From 2001 through 2015, a subgroup of 141 men with metastatic, castration-resistant prostate cancer (mean age, 59 years; 94% taxane refractory) received at least two doses of carboplatin in combination with docetaxel (range, 60-75 mg/m2) every 3 weeks.
Researchers used DNA sequencing to identify patients who harbored BRCA2 mutations (n = 8; 5.7%) and those who did not (n = 133; 94.3%). Response rate to carboplatin/docetaxel chemotherapy — defined as a decline in PSA that exceeded 50% within 12 weeks of regimen initiation — served as the primary endpoint.
Six of the eight BRCA2 carriers (75%) experienced PSA declines greater than 50% within 12 weeks, with two men experiencing declines of 90%.
Comparatively, 23 of 133 noncarriers (17%; absolute difference, 58%; 95% CI, 27-88; P = .001) experienced PSA declines greater than 50%.
Most patients (n = 133) died of prostate cancer. Median survival from initiation of carboplatin/docetaxel was 10.2 months. A PSA response greater than 50% increased median survival to 16.4 months; no PSA response or a response less than 50% decreased median survival to 9.4 months.
“We were encouraged that the response rate among BRCA2 carriers in our prostate cancer cohort was quite profound,” Freedman and Pomerantz said. “The findings suggest that there is an accessible, effective regimen for a subset of patients with a very aggressive and advanced form of the disease.”

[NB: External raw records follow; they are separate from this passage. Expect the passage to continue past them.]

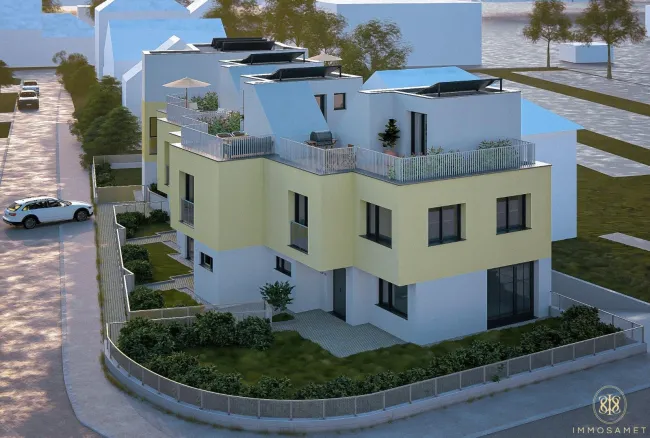 WOHNBAUPROJEKT Haus Top 3 (BELAGSFERTIG) - Neu, modern, Eigenheim - Titelbild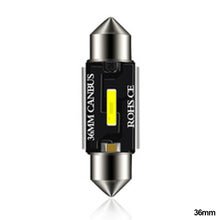 Load image into Gallery viewer, Car 31mm 36mm 39mm 41mm LED CSP 1860 C5W Festoon Reading Light Auto Interior Dome Vehicle Trunk Door Lamp Bulb DC12V
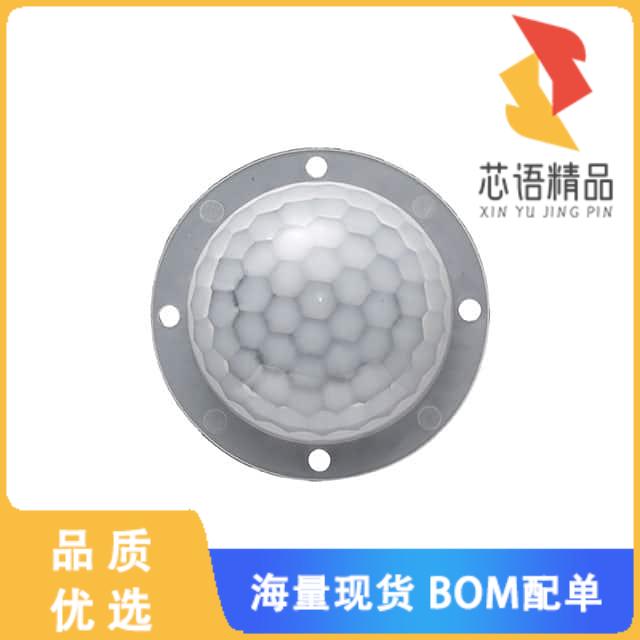 全新PIR FRESNEL LENS_PD15-36005A-WHITE原装(PIR F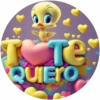 Amor🥰💞20🇵🇪Clásica 19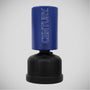 Blue Century Powerline Wavemaster Freestanding Punch Bag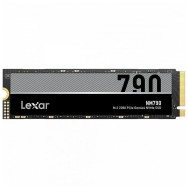 Disco Duro M.2 Lexar NM790 1TB PCIe Gen4 x4 NVMe SSD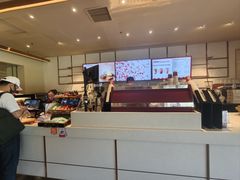 -COSTA COFFEE(联想总部店)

A 2009 phase 3 study by Sternberg and colleagues, published in Journal of Clinical Oncology, showed no OS benefit for satraplatin (JM-216, GPC Biotech), an oral platinum analog. Therefore, platinum is not routinely used in the management of men with prostate cancer, Freedman and Pomerantz said.
“Our findings suggest that the subset of men who carry DNA repair mutations may, in fact, benefit from platinum agents,” they added. “These data reinforce the concept of personalized medicine where clinical decision-making is informed by a particular variable that is not evenly distributed through the patient population.”
Researchers noted that although their results suggest a survival advantage for men with BRCA2-associated metastatic, castration-resistant prostate cancer who receive treatment with carboplatin in combination with docetaxel, the small size of the study does not allow for definitive conclusions, and a study comparing PARP inhibitors to platinum-based agents is warranted.
A previous study showed the efficacy of olaparib (Lynparza, AstraZeneca) — a PARP inhibitor —in men with BRCA2-associated metastatic, castration-resistant prostate cancer, Michael S. Humeniuk, MD, Tian Zhang, MD, and Andrew J. Armstrong, MD, ScM, from the department of medicine at Duke University Medical Center, wrote in an accompanying editorial. Humeniuk and colleagues also referenced their own study, which showed positive responses to platinum-based therapy.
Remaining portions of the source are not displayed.